Our final model finds about 1,800 parcels citywide with the predicted probability of an unsafe outcome being greater than 10%. As of the time of this analysis, 365 of these have not been inspected since 2007. The most common zoning types are as follows:
RSA-5 (Dense single family) – 917
RM-1 (Lower density multi-family) – 758
CMX-2 (Commercial mixed use) – 79
RSA-3 (Medium density single family) – 41
I-2 (Medium industrial) – 12
Figure 5 plots those parcels with predicted probabilities greater than 10%. Note the underlying choropleth map which shows the total number of these parcels by census tract.

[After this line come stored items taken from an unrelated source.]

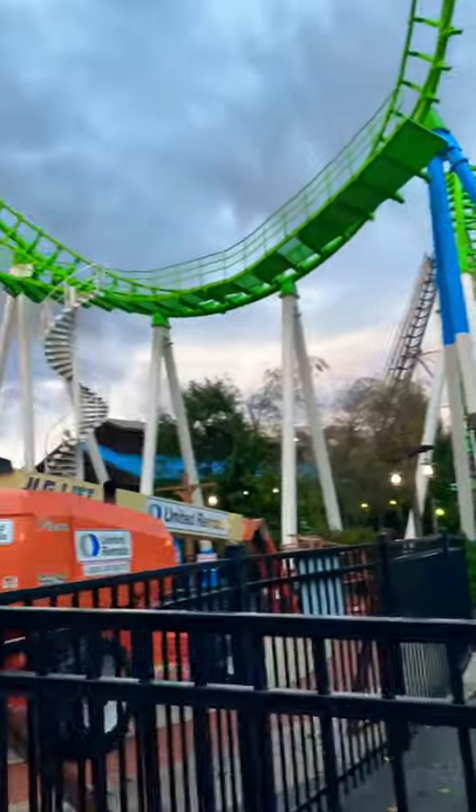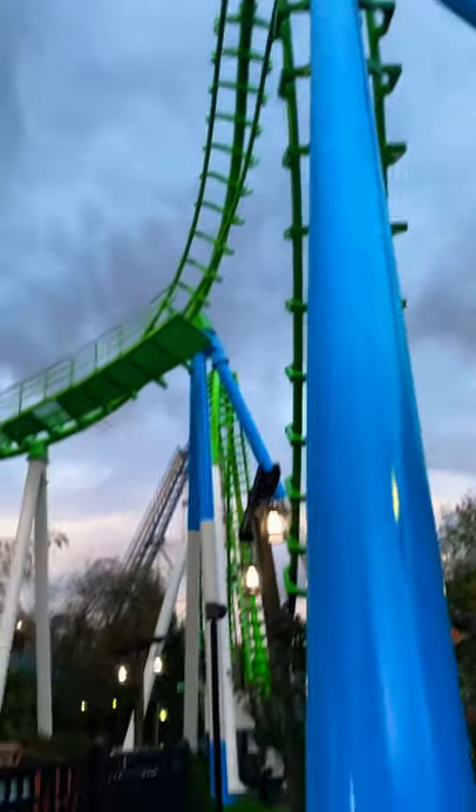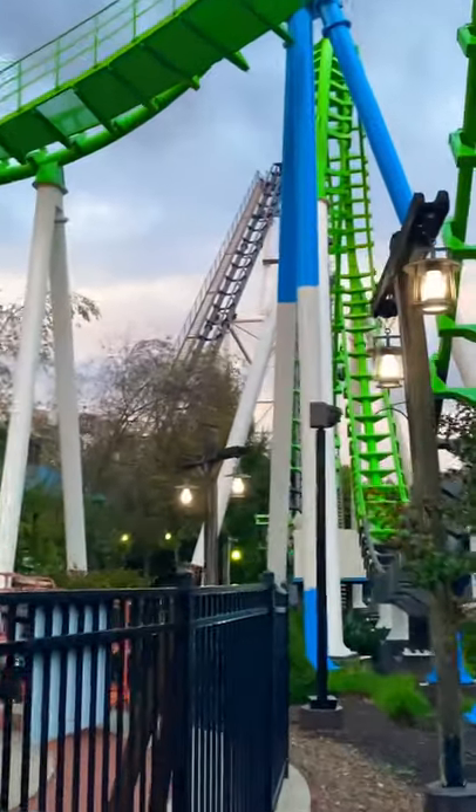Alright guys, so I'm at Sidewinder and a little update. The track is now green and the supports are blue. You can see it goes all the way to the loop there. They didn't get up there to the lift hill yet.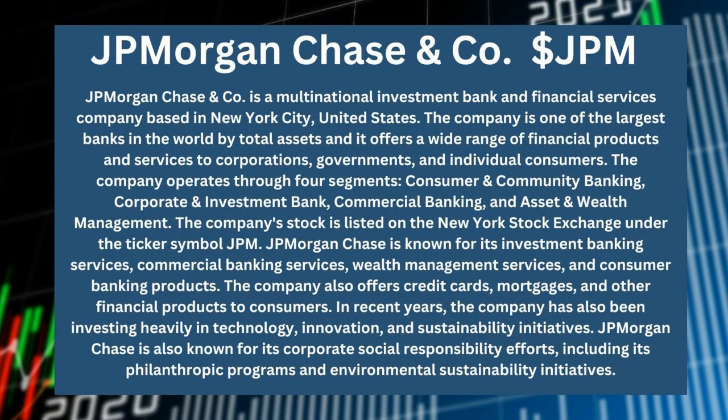The stock pick of the moment is J.P. Morgan Chase and Company. J.P. Morgan Chase and Company is a multinational investment bank and financial service company based in New York City.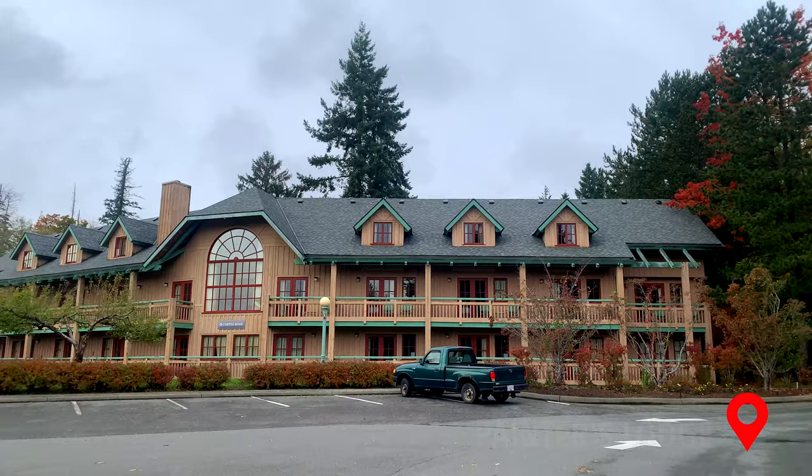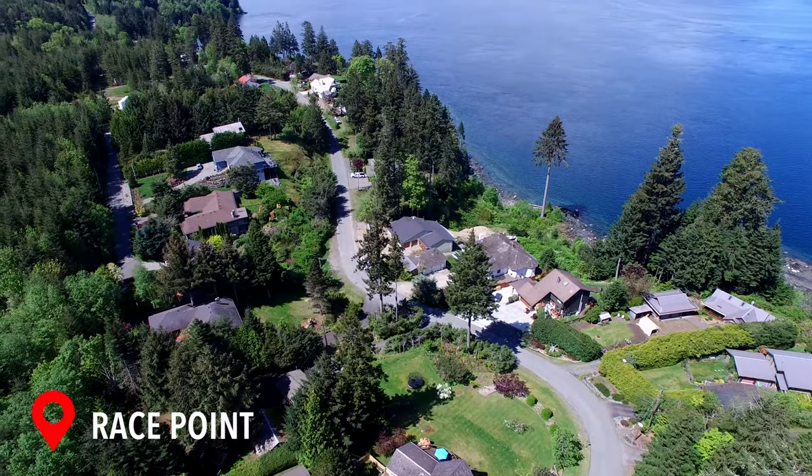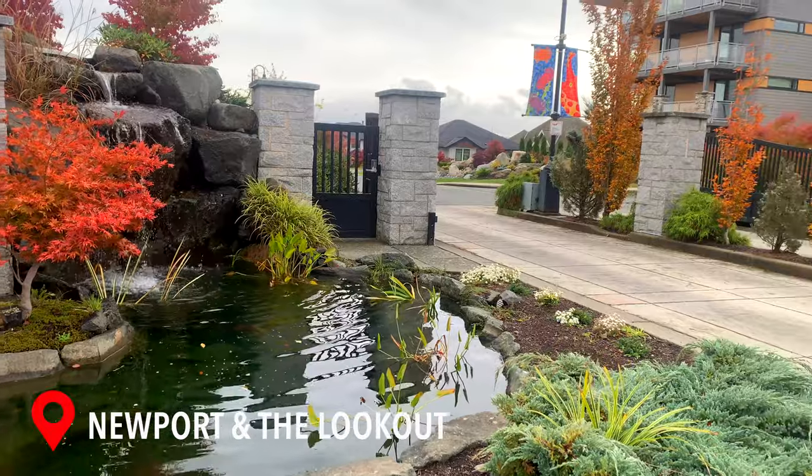With 200 new lots recently approved for construction, this could very well be your new home. There are a wide variety of home types, prices and sizes available.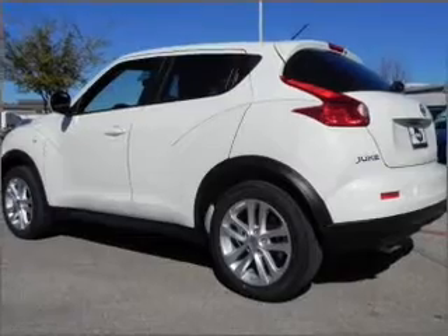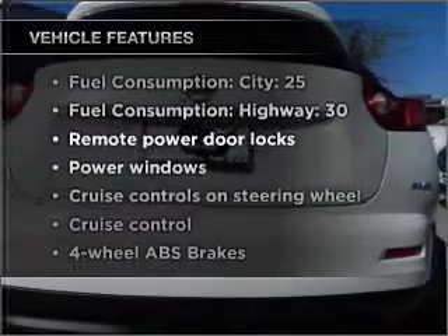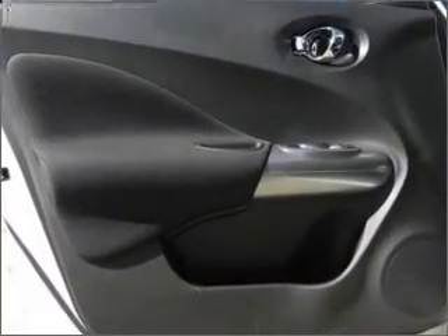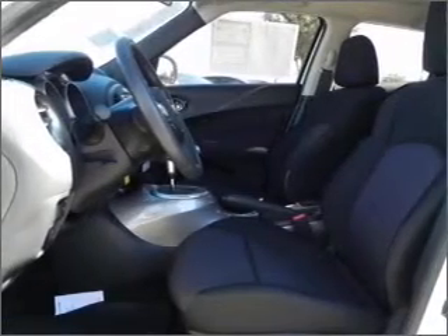You will appreciate the safety feature of anti-lock brakes. Plus, enjoy these notable features that are included in this vehicle: power door locks, power windows, power steering, cruise control, power mirrors, an alarm system, an AM FM stereo with a CD player, and an adjustable tilt steering wheel.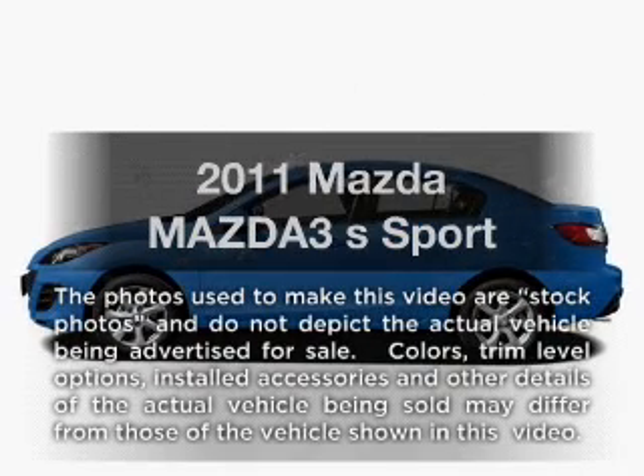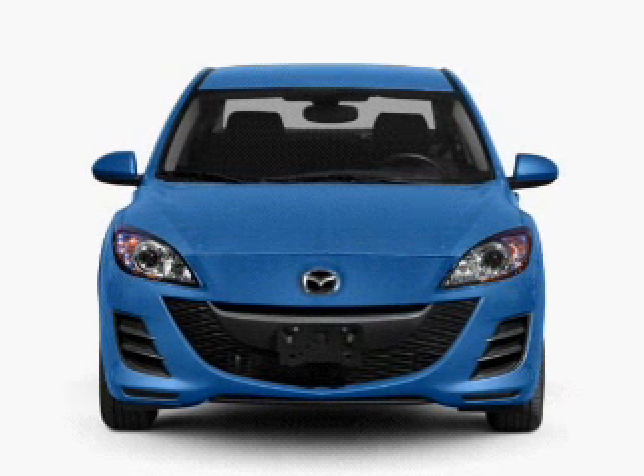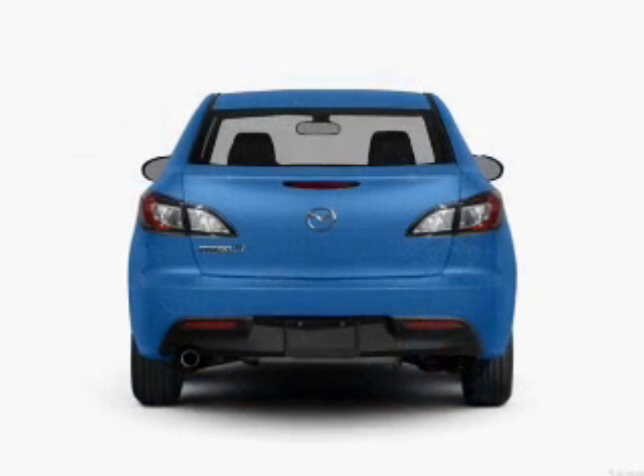Presenting the 2011 Mazda Mazda 3. This is the set of wheels you've been looking for, with an efficient 4-cylinder engine that responds smoothly to its 5-speed automatic transmission.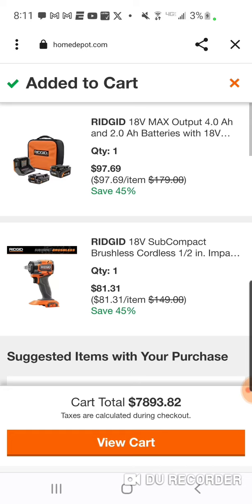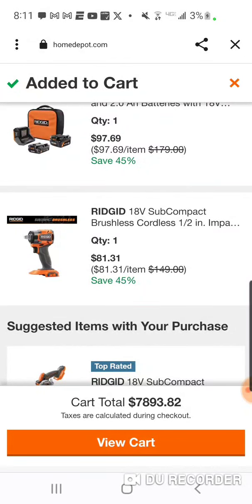Maybe you have this impact wrench but you've got some of the older non-max-output batteries. Pick up a four and a two, an extra charger, and a bag. For $179, it's a pretty good price, but I really think the value is just for the impact wrench — the stubby — at $80 bucks. You've got an extra $20, go to the movies while you're at Home Depot, maybe see Oppenheimer or something. Peace.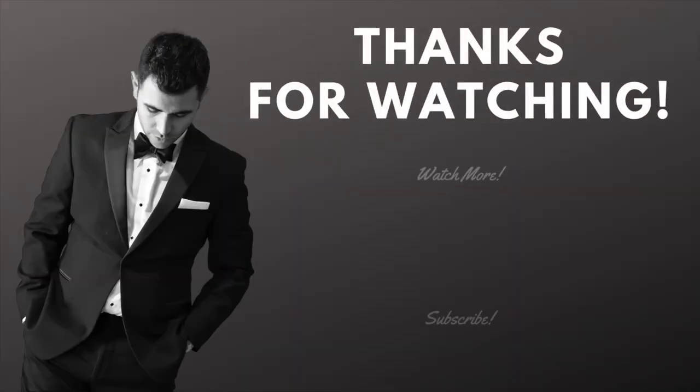Thank you guys for watching. I hope you enjoyed it. I will catch you on the next one. Bye.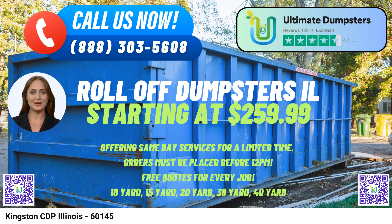The 20-yard dumpster measures about 22 feet long, 8 feet wide, and 4 feet high. This size is suitable for medium-scale jobs, including home cleanouts and larger renovation projects. The 30-yard dumpster has dimensions of approximately 22 feet long, 8 feet wide, and 6 feet high, and is great for significant construction or demolition debris.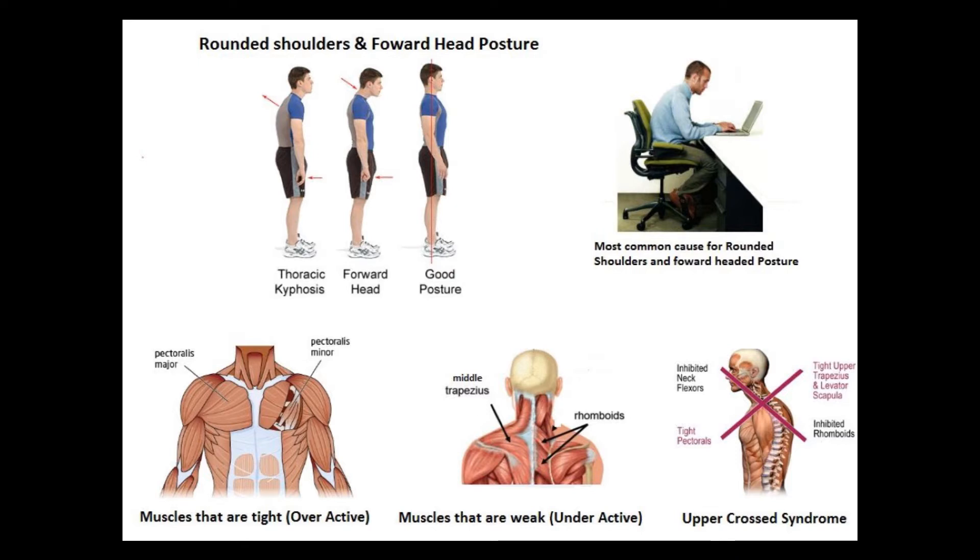Sitting for hours with a rounded back staring at computer screens causes the front of your shoulders and chest muscles to tighten. And the muscles to the back of your spine, namely the rhomboids and middle trapezius, compensate by weakening and lengthening. The same happens at the neck as well. A group of muscles to the front of your neck are weak, and as a result of this, the neck extensors tighten, which results in the upper cross syndrome.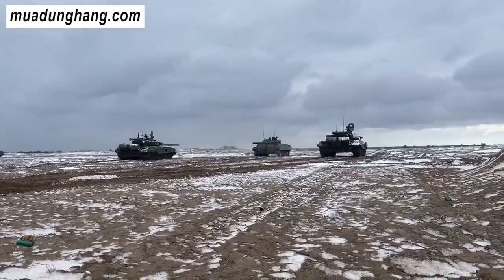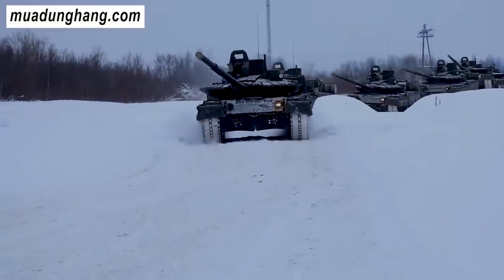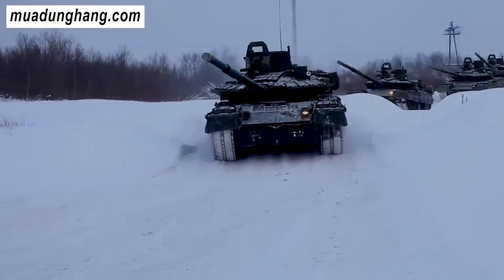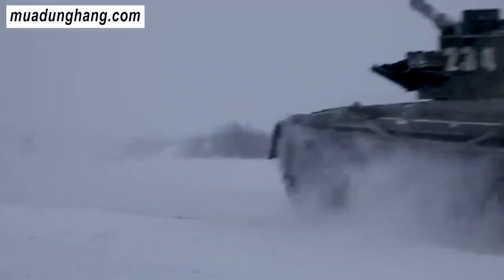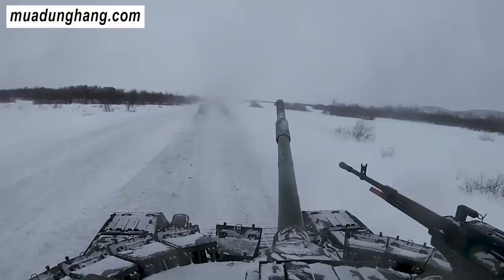Theo báo cáo, một hệ thống bảo vệ tích cực khác bao gồm một bộ phát nhiệt có thể được gắn trên ống thở của xe tăng, tạo khoảng cách xa hơn so với xe tăng và dường như dùng để làm mồi nhử hoặc gây nhầm lẫn cho các đầu dò nhiệt của các tên lửa chống tăng có điều khiển.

Figure 5: Map of predicted probabilities
Figure 6 shows what an inspector-facing mapping application might look like. The purpose is to use the predicted probabilities from the model to help prioritize inspections. Here we refer to the probability of an unsafe outcome as a ‘safety predictive score’.
This hypothetical tool could be used by inspectors to visit properties while on a pre-assigned route or to help generate daily inspection routes. The tool could also geo-locate the inspector’s current location and return results for those in the immediate surroundings.
By accessing additional parcel and block-level open data, we can provide inspectors with a range of metrics to make the decision-making process more efficient and more informed.
Figure 6: A mock-up of a building inspection app using the predicted probabilities.
In this proof of concept we developed a model of unsafe building demolitions with the hope of using the resulting predicted probabilities to help prioritize building inspections.
The models we developed were robust, but they could certainly be improved. The greatest concern is that our current models are overfit on the disproportional number of spatial variables we input. Ideally we’d like to gather more parcel level indicators and spend more time performing feature selection and model tuning.
Nevertheless, it’s clear that the prioritization of building inspections is an important use case for extending machine learning in to government.